Absichtliche Testverfälschung wird auch Faking genannt und tritt vor allem in subjektiven Tests auf.
Diese kann dadurch ausgelöst werden, dass Versuchspersonen besonders gut dastehen wollen (v.a. vor sich selbst).
Diese Selbstdarstellungseffekte lassen sich zum Beispiel reduzieren, indem das Forschungsprojekt umfassend beschrieben wird. Ziel ist hierbei, dass die Versuchsperson sich bewusst wird, dass es in der Studie nicht um sie selbst im Speziellen geht (hilfreich kann es also auch sein, zu betonen, dass es sich um Grundlagenforschung handelt).

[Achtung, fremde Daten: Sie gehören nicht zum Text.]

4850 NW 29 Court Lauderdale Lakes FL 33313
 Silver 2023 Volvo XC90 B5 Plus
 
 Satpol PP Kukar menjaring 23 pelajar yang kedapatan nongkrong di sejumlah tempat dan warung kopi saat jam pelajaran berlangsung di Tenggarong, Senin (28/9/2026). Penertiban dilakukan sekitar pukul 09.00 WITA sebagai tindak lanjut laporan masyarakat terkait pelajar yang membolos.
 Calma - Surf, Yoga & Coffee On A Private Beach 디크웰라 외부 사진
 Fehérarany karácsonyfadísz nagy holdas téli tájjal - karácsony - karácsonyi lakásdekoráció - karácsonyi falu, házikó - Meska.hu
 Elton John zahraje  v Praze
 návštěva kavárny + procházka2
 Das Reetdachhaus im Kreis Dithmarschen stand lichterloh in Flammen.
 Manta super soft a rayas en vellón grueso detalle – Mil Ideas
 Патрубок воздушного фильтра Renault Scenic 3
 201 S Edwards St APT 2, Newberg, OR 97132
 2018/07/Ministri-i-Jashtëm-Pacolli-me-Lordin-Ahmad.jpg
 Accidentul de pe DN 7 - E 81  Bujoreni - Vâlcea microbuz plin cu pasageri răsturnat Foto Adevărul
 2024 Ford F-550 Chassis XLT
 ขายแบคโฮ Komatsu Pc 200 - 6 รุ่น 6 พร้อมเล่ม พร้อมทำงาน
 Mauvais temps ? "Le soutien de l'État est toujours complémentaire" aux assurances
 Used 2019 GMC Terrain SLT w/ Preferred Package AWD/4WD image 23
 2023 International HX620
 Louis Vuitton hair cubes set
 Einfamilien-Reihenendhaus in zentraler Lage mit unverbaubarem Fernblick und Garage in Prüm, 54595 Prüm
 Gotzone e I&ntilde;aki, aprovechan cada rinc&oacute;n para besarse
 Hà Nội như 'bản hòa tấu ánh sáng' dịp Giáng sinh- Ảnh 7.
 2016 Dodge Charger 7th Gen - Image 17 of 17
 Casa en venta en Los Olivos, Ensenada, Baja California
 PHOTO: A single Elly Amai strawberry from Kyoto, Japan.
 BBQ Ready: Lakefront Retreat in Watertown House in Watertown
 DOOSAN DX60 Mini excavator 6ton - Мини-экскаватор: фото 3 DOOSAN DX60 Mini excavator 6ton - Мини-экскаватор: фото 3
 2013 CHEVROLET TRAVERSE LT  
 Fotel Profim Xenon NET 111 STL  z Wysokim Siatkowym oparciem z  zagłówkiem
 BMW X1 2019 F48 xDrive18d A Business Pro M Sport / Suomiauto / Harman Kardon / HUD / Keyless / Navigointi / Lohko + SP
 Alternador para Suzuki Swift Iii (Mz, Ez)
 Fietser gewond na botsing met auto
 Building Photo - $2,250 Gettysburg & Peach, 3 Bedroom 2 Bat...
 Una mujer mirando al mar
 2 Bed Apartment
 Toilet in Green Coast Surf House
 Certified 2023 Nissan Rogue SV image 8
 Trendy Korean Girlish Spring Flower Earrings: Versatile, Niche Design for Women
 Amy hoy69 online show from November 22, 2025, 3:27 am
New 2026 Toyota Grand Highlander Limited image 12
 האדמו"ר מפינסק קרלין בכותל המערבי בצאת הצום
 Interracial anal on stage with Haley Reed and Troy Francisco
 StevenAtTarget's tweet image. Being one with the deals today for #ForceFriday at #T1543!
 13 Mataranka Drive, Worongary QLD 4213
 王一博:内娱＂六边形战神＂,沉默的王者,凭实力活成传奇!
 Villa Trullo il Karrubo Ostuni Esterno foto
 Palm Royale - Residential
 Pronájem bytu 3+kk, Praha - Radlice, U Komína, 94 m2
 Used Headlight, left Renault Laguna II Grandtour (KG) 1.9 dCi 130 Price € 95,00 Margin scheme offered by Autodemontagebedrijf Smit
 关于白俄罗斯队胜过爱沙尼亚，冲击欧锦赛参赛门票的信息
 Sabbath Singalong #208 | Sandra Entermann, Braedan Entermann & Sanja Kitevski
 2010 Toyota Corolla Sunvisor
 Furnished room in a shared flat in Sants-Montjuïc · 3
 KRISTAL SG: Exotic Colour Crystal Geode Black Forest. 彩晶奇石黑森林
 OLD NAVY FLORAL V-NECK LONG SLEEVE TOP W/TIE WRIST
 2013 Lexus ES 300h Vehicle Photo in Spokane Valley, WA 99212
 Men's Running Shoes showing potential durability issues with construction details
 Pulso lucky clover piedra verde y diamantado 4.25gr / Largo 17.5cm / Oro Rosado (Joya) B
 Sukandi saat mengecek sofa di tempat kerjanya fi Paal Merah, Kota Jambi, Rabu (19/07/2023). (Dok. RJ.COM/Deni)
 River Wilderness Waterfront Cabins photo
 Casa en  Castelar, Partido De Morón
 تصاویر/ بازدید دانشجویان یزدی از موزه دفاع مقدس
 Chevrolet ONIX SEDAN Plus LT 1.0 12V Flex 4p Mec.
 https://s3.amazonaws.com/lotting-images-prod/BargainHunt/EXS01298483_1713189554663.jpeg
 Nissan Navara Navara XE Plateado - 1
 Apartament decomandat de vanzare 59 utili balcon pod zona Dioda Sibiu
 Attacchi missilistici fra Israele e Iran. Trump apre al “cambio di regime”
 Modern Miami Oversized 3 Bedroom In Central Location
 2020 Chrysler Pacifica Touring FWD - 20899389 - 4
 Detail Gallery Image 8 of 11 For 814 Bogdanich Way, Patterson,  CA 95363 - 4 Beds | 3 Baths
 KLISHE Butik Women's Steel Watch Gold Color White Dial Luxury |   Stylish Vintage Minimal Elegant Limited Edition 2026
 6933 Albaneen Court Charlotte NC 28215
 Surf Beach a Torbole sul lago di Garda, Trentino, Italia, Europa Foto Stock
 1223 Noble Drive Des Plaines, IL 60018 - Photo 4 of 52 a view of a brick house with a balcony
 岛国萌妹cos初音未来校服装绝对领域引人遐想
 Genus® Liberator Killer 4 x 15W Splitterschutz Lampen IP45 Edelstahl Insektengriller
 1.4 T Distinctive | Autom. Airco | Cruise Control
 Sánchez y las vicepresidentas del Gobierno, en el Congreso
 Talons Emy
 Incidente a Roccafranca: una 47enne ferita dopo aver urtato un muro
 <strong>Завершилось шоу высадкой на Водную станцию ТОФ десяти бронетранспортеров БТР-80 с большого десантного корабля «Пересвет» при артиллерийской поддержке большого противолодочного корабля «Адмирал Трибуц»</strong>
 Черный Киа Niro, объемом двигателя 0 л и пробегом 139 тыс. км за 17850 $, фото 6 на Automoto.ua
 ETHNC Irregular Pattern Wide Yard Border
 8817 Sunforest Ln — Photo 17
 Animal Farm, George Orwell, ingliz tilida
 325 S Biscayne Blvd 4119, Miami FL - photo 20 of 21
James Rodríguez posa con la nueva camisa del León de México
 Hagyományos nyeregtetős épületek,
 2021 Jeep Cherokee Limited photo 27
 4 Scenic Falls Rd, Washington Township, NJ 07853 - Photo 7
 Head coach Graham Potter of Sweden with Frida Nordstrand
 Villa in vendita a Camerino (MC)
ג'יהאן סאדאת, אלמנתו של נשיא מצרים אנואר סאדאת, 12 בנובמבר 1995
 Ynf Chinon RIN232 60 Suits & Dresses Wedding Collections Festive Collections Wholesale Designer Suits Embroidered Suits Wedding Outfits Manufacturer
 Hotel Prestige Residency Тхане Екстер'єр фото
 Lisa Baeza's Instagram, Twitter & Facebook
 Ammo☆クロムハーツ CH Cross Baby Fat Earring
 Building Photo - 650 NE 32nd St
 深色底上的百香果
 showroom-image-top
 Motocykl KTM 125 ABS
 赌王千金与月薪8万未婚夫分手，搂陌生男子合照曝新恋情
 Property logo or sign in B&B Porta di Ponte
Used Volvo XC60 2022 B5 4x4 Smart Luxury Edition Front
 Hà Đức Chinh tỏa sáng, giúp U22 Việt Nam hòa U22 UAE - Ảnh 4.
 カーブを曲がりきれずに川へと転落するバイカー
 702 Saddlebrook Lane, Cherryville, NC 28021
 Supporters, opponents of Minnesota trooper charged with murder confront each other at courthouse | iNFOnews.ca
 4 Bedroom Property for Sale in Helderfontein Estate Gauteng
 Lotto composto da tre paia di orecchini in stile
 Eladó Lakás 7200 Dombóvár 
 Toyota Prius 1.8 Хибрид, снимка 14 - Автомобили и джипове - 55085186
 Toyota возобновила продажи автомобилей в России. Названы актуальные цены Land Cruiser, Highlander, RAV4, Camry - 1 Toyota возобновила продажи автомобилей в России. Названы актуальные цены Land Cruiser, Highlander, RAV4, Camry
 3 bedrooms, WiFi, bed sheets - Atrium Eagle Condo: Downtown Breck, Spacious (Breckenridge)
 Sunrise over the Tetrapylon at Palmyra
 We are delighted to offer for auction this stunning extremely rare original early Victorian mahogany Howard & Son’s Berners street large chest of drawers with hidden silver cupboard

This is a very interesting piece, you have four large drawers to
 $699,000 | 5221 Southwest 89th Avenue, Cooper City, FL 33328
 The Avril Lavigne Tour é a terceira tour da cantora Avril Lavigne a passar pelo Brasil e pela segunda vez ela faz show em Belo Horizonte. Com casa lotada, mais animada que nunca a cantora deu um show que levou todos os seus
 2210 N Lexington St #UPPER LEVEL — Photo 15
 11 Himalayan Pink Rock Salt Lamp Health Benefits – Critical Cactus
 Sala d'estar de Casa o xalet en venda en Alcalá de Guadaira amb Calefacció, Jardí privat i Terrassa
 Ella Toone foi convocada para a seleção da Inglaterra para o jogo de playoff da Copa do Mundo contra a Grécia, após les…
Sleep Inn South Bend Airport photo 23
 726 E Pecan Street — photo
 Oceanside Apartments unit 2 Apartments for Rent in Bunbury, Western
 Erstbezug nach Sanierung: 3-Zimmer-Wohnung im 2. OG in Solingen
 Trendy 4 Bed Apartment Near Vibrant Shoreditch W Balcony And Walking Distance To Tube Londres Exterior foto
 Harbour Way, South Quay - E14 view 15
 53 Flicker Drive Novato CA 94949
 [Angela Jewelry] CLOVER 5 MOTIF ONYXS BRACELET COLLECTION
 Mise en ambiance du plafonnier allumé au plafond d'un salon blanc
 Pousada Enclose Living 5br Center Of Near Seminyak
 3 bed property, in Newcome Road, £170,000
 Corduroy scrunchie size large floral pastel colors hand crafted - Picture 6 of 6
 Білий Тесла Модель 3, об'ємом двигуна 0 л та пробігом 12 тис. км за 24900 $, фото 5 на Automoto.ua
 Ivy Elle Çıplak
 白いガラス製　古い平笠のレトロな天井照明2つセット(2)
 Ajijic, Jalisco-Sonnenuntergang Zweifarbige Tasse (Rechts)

Ähnlich wirkt es, die Ergebnisrückmeldung offenzulegen: wenn die Ergebnisse rein in Mittelwerten präsentiert werden, gibt es kaum Grund für Selbstdarstellung.
Letztlich kann man auch mit dem Wert der Selbstkonfrontation werben. Wenn ehrliche Antworten zu größerer Selbsterkenntnis führen können, wiegt dies eventuell schwerer für die Versuchsperson als ihre möglichen Motive für falsche Antworten (vgl. auch "Total Design Method" bei Befragungen).
Ähnlich wie das Motiv der Selbstdarstellung kann auch das Bedürfnis nach sozialer Erwünschtheit (einen guten Eindruck auf andere Personen machen wollen) zum Faking führen.
Ein Möglichkeit, die Anfälligkeit des Tests für soziale Erwünschtheit abzuschätzen besteht darin, Versuchspersonen einen Test zweimal ausfüllen zu lassen: einmal mit den Antworten, die sie als maximal erwünscht betrachten, und einmal „normal“. Bei einer großen Diskrepanz zwischen beiden Ergebnissen sollte man den Test noch einmal überarbeiten.
Um Einflüsse soziale Erwünschtheit einzuschränken,
*können hypothetische Situationsvorgaben gegeben werden, sodass die Versuchsperson in die entsprechende Rolle schlüpft – was die Effekte sozialer Erwünschtheit sinken lässt oder auf ein ähnliches Niveau für alle Teilnehmer hebt. (Bsp: „Stellen Sie sich vor, Sie füllen diesen Test als Bewerber für eine Stelle bei X aus…“)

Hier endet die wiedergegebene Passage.